İnsanoğlu şu sürekli istifade edip durduğu ve ağaçların dallarından sarkan meyvelere bakıp ibret almıyor mu? Bu nimetlerin kendisi için yaratıldığına şükredip bu nimetleri düşünmüyor mu?
"O'dur ki size gökten su indirdi. Onunla her çeşit bitkiyi çıkardık. O bitkiden bir yeşillik çıkardık. Ondan da birbiri üzerine binmiş (dizili) taneler; hurmanın tomurcuğundan sarkan salkımlar, üzüm bağları, zeytin ve nar bahçeleri çıkarıyoruz. Bunların kimi birbirine benzer kimi benzemez. Herbirinin verdiği meyvesine bakınız. Meyve verirken ve olgunlaştığı zaman şüphesiz bu size gösterilenlerde inananlar topluluğu için elbette ibretler vardır." (el-En'âm, 6/99).
İnsanoğlu şu hayatın ilk defa nasıl başladığına nasıl gelişip yayıldığına ve üstün bir noktaya geldiğine şöyle bir bakıversin:
"De ki: Yeryüzünde gezip dolaşın. Bakın yaratmaya nasıl başladık. Sonra Allah son yaratmayı da yapacaktır. Çünkü Allah her şeye Kâdir'dir," (el-Ankebût, 29/20).
Cenab-ı Allah Kur'ân-ı Kerîm'de insanı yine etrafına bakıp olayları ona göre değerlendirerek hayatını sürdürdüğü doğrultuda her şeyi bilip, iyiyi kötüden ayırmasını, kendisine yararlı olan şeyleri alarak zararlı olanları reddetmesini, iradesini, görüşünü iyice kullanıp bütün bunları imandan fışkıran bir ferasetle yani akıl, göz ve kulağını Allah'ın razı olacağı bir istikamette kullanmasını ona aynı zamanda bir görev olarak yüklemektedir.
"Ey iman edenler..İşitmedikleri halde "İşittik" diyenler gibi olmayınız." (el-Enfâl, 8/21)
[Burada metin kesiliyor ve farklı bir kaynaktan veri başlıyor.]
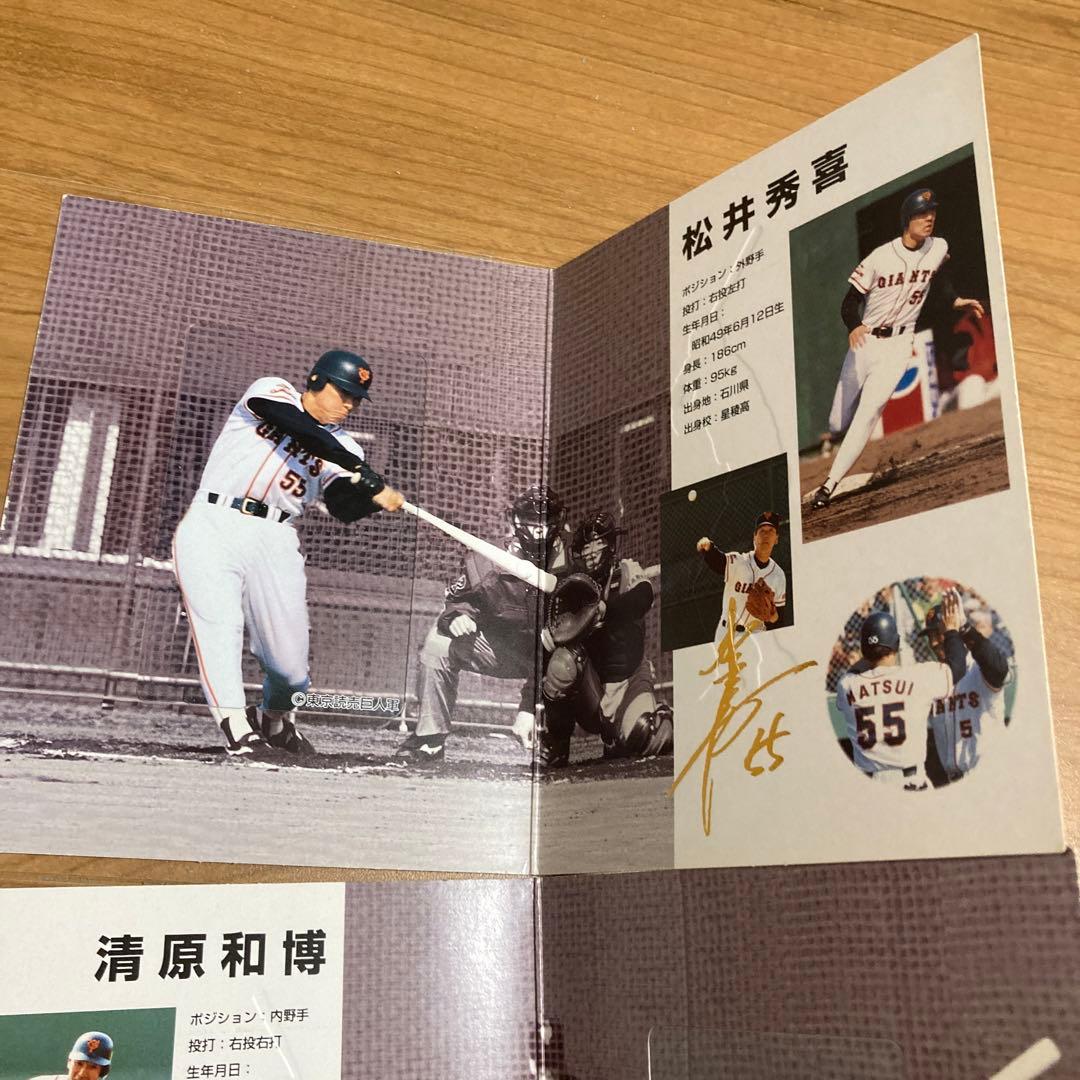松井秀喜・清原和博 トレーディングカード セット - メルカリ
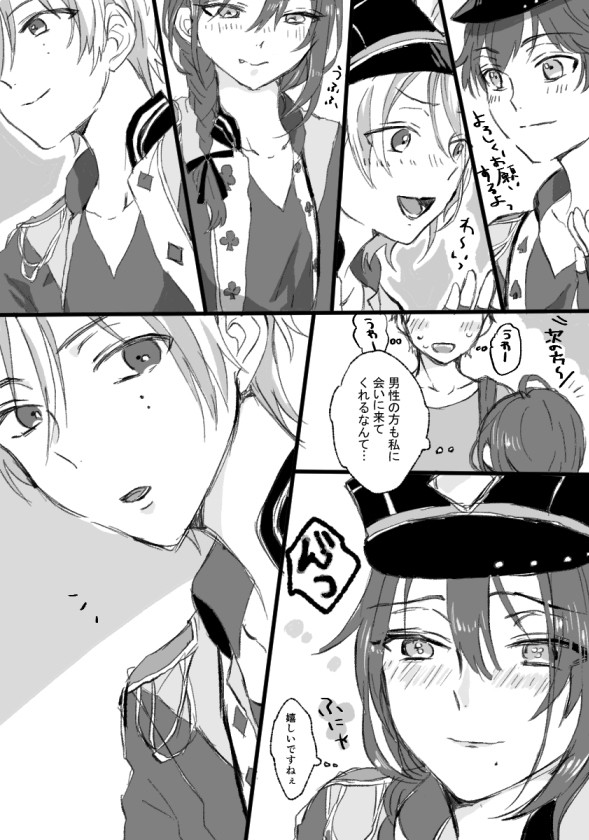巽マヨ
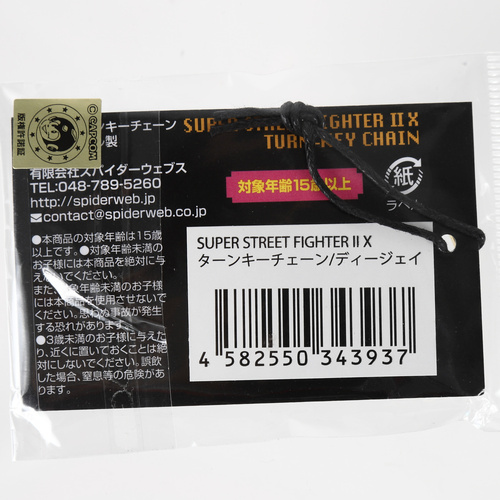SUPER STREET FIGHTER II X ターンキーチェーン / ディージェイ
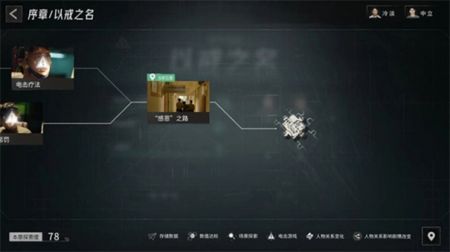 飛越13號房手機版0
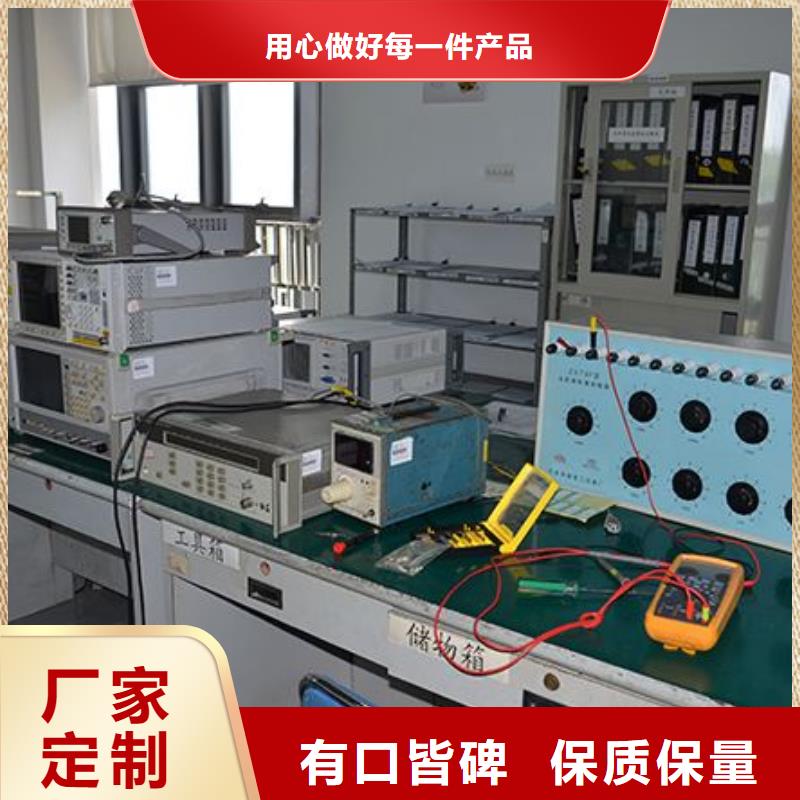 电子电器实验室设备仪器计量实力优品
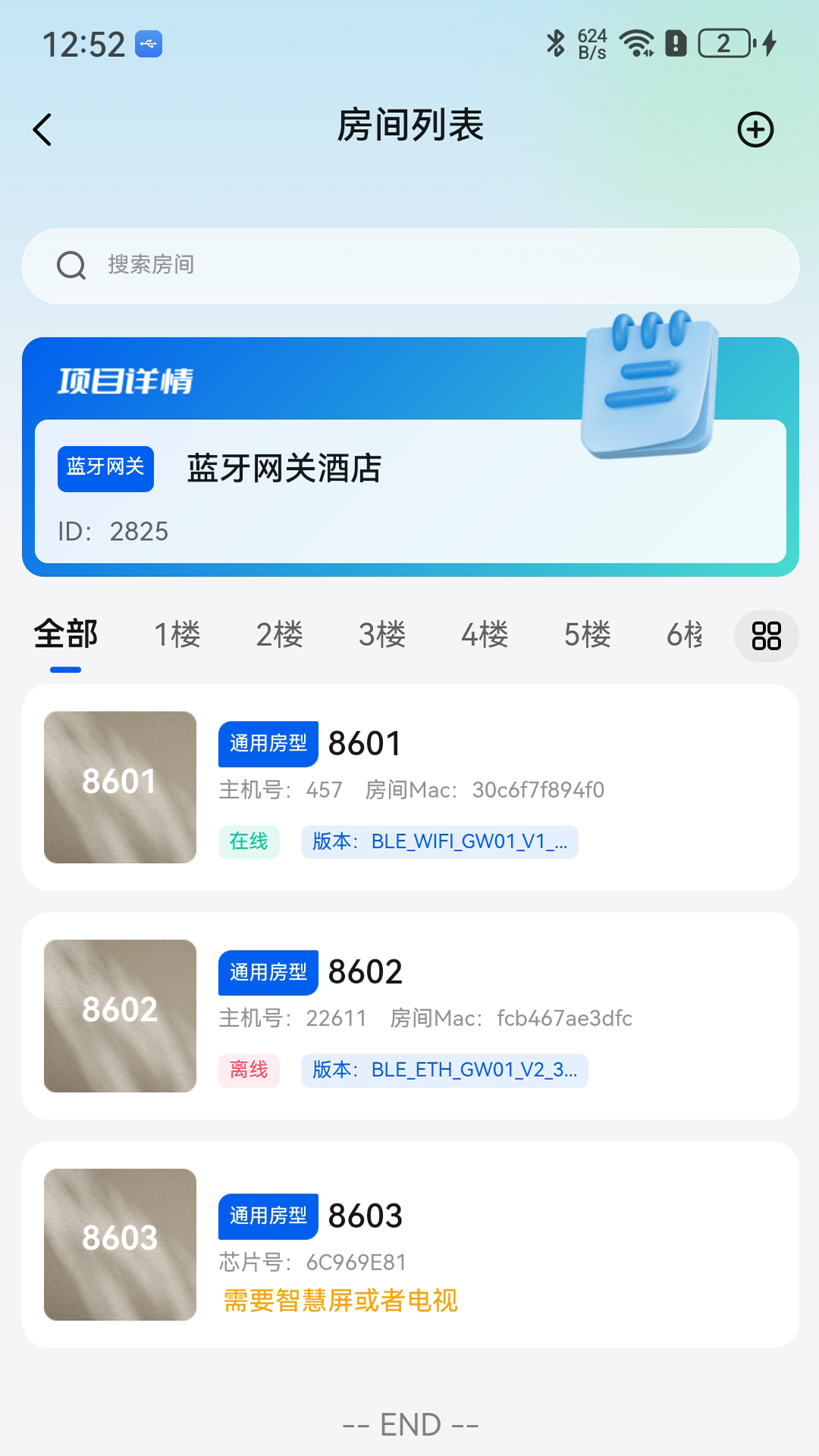 奥莱维智慧酒店最新版展示图2
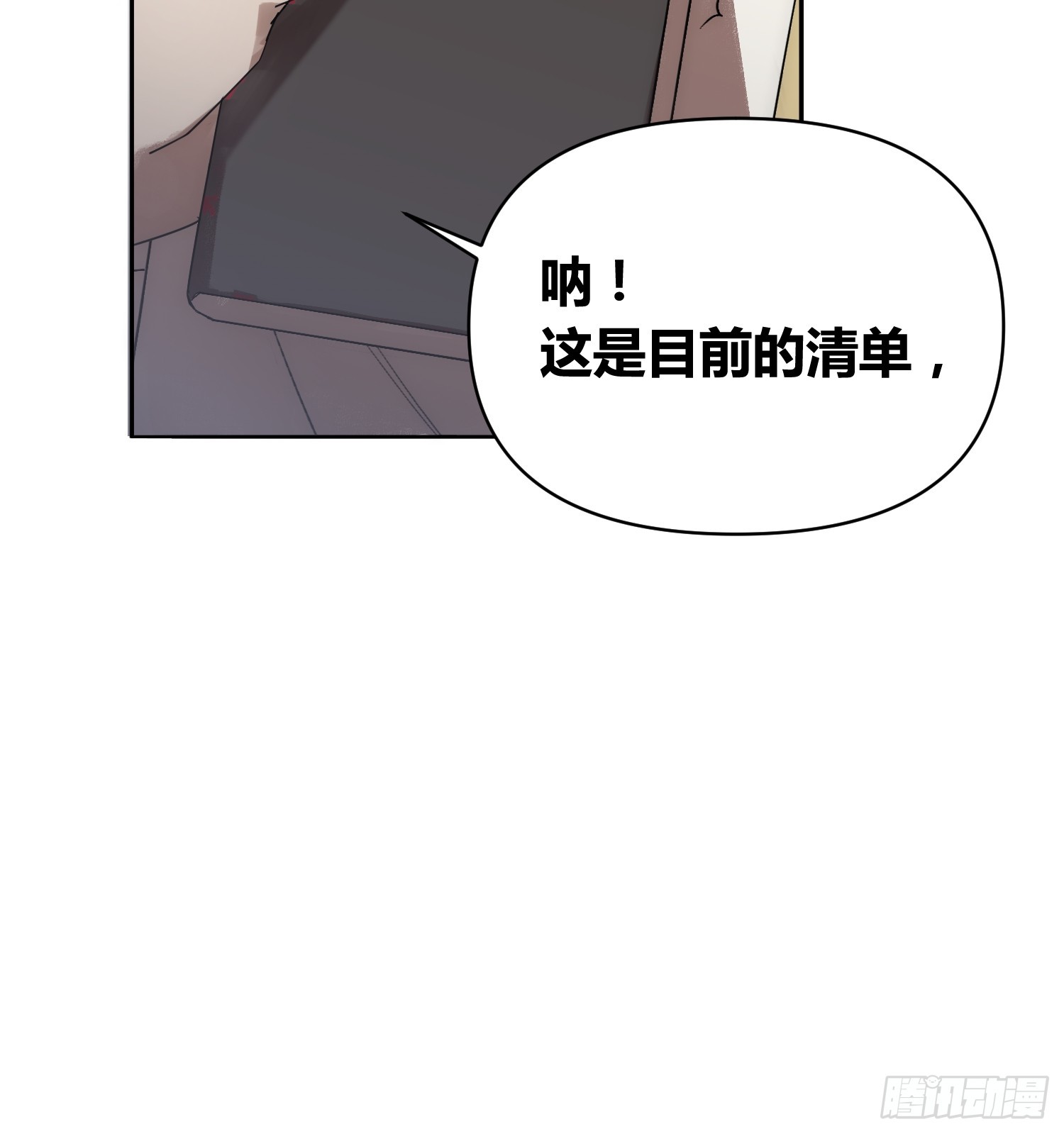 充分准备！-第78话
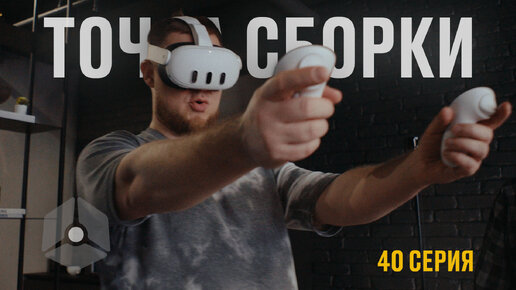 Точка сборки №40 – Приборка всего, экосистема здорового общения, VR от архитекторов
Kur'ân-ı Kerîm aynı şekilde bu hususta bir adım daha atarak insanlara kendilerine verilen göz nimetini harekete geçirip etraflarına bakmalarını istemektedir. Zira göz her anda birçok şey ile karşılaşarak anında algılamaktadır. Göz idrak ettiği bu duyulan, işitilen, görülen ve hissedilen her hususta hiç de sınırlandırılmamış, bundan dolayı da bütün bu duyulan ve hissedilen, algılanan her şeyde bir sorumluluk yüklenmiştir. Yaratılışın ve kâinat kanunlarının dayanmış olduğu yegâne kaynak olan hakka ulaşabilmek için bunun Allah'ın emrettiği şekilde kullanılması istenmektedir:
"Doğrusu size Rabbinizden basiretler (gönül gözleri, hakikatleri idrak etme kabiliyetleri) geldi, Artık kim hakkı görürse yararı kendisinedir. Kim de hakkı görmekten kör olursa zararı kendisinedir. Ben sizin üzerinize bekçi değilim," (el-En'âm, 6/104).